RA is also associated with cytokine excess. Synovial fluid and sera of affected patients contains high concentrations of TNF- and IL-1ß (99, 100). Elevated production of TNF- and IL-1ß has been described in RA during periods of disease activity. However, cytokine concentrations are undetectable during the quiescent phases of disease (101).
AIDS-related cachexia (wasting syndrome)
Cachexia associated with AIDS is highly predictive of death (102, 103).

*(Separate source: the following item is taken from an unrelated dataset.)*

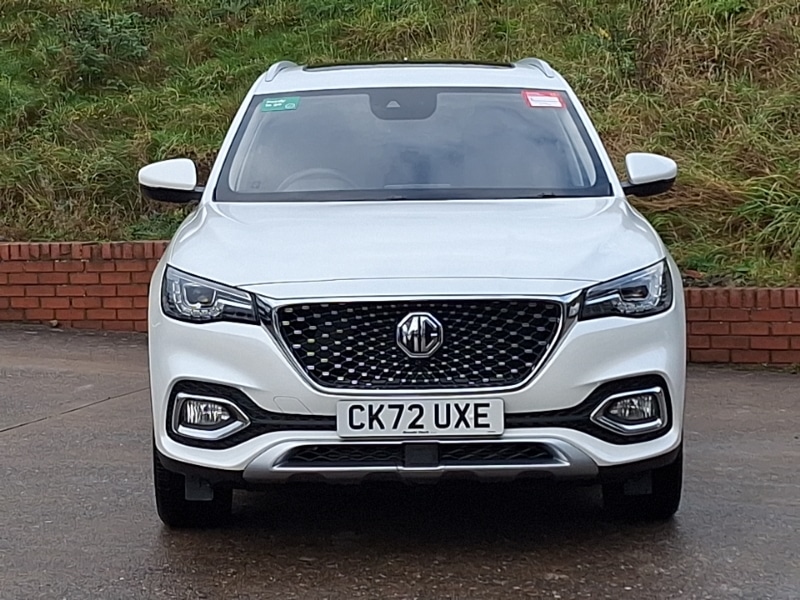 Used MG MG HS 2022 for sale - 76493084: Photo 12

Common causes of AIDS wasting include anorexia, depression, medications, coexisting infections, and a variety of gastrointestinal diseases (Figure 4) (73, 104), eg, microsporidia, cryptosporidium, Giardia lamblia, cytomegalovirus, and Mycobacterium avium. Hypogonadism occurs commonly in males with AIDS (105), and elevated myostatin concentrations have been reported in AIDS patients (106). Overall, elaboration of proinflammatory cytokines is probably the major factor responsible for AIDS wasting
Anabolic steroids have been reported to increase muscle mass and strength in patients with AIDS, although resistance exercise is just as effective (107, 108). Growth hormone increases muscle mass, physical function, body weight, and quality of life in patients with AIDS (109, 110). However, patients with markedly elevated concentrations of TNF- receptor 2 are resistant to the anabolic effect of growth hormone on muscle (111). Megestrol acetate has been shown to increase appetite, weight, and quality of life in patients with AIDS-related cachexia (112, 113). A direct comparison between oxandralone and megestrol acetate showed that both produced similar increases in weight and lean body mass (114). Monotherapy with dronabinol was associated with weight loss. Direct comparison of dronabinol alone, megestrol alone, and both drugs given in combination showed weight gain with megestrol alone and with combined therapy. However, weight gain was somewhat less when both drugs were used in combination (113). AIDS-related cachexia remains a major problem. Further randomized controlled studies are needed to objectively define the efficacy of testosterone, growth hormone, and cytokine antagonists in this condition.
Aging and weight loss
Weight loss in older adults is highly predictive of increased morbidity and mortality (115-117). Several factors contribute to weight loss in older adults. Available data indicate that excess cytokine elaboration may be a critical factor in the induction of involuntary weight loss in older adults. Aging is associated with increased concentrations of TNF-, IL-6, IL1 receptor antagonist, and soluble TNF receptor. Acute phase proteins such as C-reactive protein and serum amyloid A are also elevated, which suggests the activation of the entire inflammatory cascade. Proinflammatory cytokines are also thought to play a pathogenetic role in other age-related diseases, such as Alzheimer disease, Parkinson disease, atherosclerosis, sarcopenia, and osteoporosis. It is not clear whether changes in cytokine concentrations are due to age itself or to underlying disease. Elevated plasma concentrations of IL-6 with aging may arise as a result of catecholamine hypersecretion and sex-steroid hyposecretion (118). Overall, the data suggest that low-grade inflammatory activity in older subjects is caused by dysregulated cytokine production, which is further exacerbated by age-associated pathology (119-123).
Weight loss with aging may also be attributed to a physiologic reduction in energy intake with aging, age-related gastric dysmotility, and impaired fundal compliance. This results in a failure of adaptive gastric relaxation and early satiation due to rapid passage of food into the atrium. Other factors include an age- related increase in the satiating effect of cholecystokinin and increased concentrations of amylin in older adults. Anorexia may be a consequence of hyperleptinemia in hypogonadal men and postmenopausal women (124). Rodent studies suggest that an age-related reduction in central nitric oxide synthase concentrations may be a pivotal factor (125) in modulating food intake (126, 127).
Physiologic anorexia of aging puts older persons at increased risk of developing cachexia, even during minor illnesses (128, 129). Additional factors, such as dysgeusia, dysnomia, orogingival disease, chronic pain, social isolation, and depression exacerbate the risk of weight loss (130-133).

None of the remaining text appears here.